> **PROBLEM**: Could you reproduce, exactly and alone, the lines running from the one with "6. Etui Ferrari" to the end of the data below?
--- DATASET RECORDS Enclosed Below ---
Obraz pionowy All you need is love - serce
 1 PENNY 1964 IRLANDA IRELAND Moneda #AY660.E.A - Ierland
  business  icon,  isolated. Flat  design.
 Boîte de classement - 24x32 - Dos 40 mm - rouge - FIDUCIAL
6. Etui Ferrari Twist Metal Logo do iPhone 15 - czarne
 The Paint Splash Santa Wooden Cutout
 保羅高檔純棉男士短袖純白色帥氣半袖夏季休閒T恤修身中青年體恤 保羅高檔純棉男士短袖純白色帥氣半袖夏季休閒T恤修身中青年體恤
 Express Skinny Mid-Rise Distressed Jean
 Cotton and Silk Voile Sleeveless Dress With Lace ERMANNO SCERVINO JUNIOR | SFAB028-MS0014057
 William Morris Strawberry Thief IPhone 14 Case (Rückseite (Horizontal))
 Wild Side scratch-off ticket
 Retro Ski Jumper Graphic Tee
--- End of Enclosed DATASET RECORDS ---
> **WRITTEN SOLUTION**:
6. Etui Ferrari Twist Metal Logo do iPhone 15 - czarne
 The Paint Splash Santa Wooden Cutout
 保羅高檔純棉男士短袖純白色帥氣半袖夏季休閒T恤修身中青年體恤 保羅高檔純棉男士短袖純白色帥氣半袖夏季休閒T恤修身中青年體恤
 Express Skinny Mid-Rise Distressed Jean
 Cotton and Silk Voile Sleeveless Dress With Lace ERMANNO SCERVINO JUNIOR | SFAB028-MS0014057
 William Morris Strawberry Thief IPhone 14 Case (Rückseite (Horizontal))
 Wild Side scratch-off ticket
 Retro Ski Jumper Graphic Tee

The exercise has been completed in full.